▶ _Exercise objective_: The result should be a verbatim copy of the whole listing.

▶ _Source material_:
§

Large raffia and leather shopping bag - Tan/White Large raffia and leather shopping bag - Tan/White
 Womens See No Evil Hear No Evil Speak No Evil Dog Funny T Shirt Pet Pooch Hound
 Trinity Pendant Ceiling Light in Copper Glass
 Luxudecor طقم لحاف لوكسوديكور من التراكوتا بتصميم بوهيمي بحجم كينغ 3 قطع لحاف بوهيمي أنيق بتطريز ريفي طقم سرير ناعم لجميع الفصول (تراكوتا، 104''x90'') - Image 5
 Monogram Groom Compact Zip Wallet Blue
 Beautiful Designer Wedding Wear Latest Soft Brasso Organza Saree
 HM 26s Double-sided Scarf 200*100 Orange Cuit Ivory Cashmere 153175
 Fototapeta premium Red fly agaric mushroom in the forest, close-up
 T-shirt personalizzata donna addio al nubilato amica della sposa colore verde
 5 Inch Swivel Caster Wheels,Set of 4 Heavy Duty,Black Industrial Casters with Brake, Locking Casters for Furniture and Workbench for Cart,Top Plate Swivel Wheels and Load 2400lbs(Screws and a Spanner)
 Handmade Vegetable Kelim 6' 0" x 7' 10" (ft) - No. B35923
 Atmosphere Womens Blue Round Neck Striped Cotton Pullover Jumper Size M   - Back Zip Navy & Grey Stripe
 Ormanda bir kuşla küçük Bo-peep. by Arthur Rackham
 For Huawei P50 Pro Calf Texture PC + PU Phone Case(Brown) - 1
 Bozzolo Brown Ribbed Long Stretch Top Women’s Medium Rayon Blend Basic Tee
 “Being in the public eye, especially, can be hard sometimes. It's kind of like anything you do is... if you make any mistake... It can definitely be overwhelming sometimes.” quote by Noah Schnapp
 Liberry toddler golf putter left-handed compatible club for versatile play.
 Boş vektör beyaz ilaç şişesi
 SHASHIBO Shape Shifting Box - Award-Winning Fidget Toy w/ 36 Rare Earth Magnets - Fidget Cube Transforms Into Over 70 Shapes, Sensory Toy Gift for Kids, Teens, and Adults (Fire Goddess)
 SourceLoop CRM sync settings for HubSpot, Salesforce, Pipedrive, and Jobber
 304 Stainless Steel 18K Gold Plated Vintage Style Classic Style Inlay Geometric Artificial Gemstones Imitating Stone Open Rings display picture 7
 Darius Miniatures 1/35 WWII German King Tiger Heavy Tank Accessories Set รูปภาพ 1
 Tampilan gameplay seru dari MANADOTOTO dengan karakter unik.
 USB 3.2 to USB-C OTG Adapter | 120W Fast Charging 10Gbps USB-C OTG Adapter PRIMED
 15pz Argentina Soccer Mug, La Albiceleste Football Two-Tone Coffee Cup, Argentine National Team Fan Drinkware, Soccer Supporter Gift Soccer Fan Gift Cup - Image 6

§

▶ _Task response_:
Large raffia and leather shopping bag - Tan/White Large raffia and leather shopping bag - Tan/White
 Womens See No Evil Hear No Evil Speak No Evil Dog Funny T Shirt Pet Pooch Hound
 Trinity Pendant Ceiling Light in Copper Glass
 Luxudecor طقم لحاف لوكسوديكور من التراكوتا بتصميم بوهيمي بحجم كينغ 3 قطع لحاف بوهيمي أنيق بتطريز ريفي طقم سرير ناعم لجميع الفصول (تراكوتا، 104''x90'') - Image 5
 Monogram Groom Compact Zip Wallet Blue
 Beautiful Designer Wedding Wear Latest Soft Brasso Organza Saree
 HM 26s Double-sided Scarf 200*100 Orange Cuit Ivory Cashmere 153175
 Fototapeta premium Red fly agaric mushroom in the forest, close-up
 T-shirt personalizzata donna addio al nubilato amica della sposa colore verde
 5 Inch Swivel Caster Wheels,Set of 4 Heavy Duty,Black Industrial Casters with Brake, Locking Casters for Furniture and Workbench for Cart,Top Plate Swivel Wheels and Load 2400lbs(Screws and a Spanner)
 Handmade Vegetable Kelim 6' 0" x 7' 10" (ft) - No. B35923
 Atmosphere Womens Blue Round Neck Striped Cotton Pullover Jumper Size M   - Back Zip Navy & Grey Stripe
 Ormanda bir kuşla küçük Bo-peep. by Arthur Rackham
 For Huawei P50 Pro Calf Texture PC + PU Phone Case(Brown) - 1
 Bozzolo Brown Ribbed Long Stretch Top Women’s Medium Rayon Blend Basic Tee
 “Being in the public eye, especially, can be hard sometimes. It's kind of like anything you do is... if you make any mistake... It can definitely be overwhelming sometimes.” quote by Noah Schnapp
 Liberry toddler golf putter left-handed compatible club for versatile play.
 Boş vektör beyaz ilaç şişesi
 SHASHIBO Shape Shifting Box - Award-Winning Fidget Toy w/ 36 Rare Earth Magnets - Fidget Cube Transforms Into Over 70 Shapes, Sensory Toy Gift for Kids, Teens, and Adults (Fire Goddess)
 SourceLoop CRM sync settings for HubSpot, Salesforce, Pipedrive, and Jobber
 304 Stainless Steel 18K Gold Plated Vintage Style Classic Style Inlay Geometric Artificial Gemstones Imitating Stone Open Rings display picture 7
 Darius Miniatures 1/35 WWII German King Tiger Heavy Tank Accessories Set รูปภาพ 1
 Tampilan gameplay seru dari MANADOTOTO dengan karakter unik.
 USB 3.2 to USB-C OTG Adapter | 120W Fast Charging 10Gbps USB-C OTG Adapter PRIMED
 15pz Argentina Soccer Mug, La Albiceleste Football Two-Tone Coffee Cup, Argentine National Team Fan Drinkware, Soccer Supporter Gift Soccer Fan Gift Cup - Image 6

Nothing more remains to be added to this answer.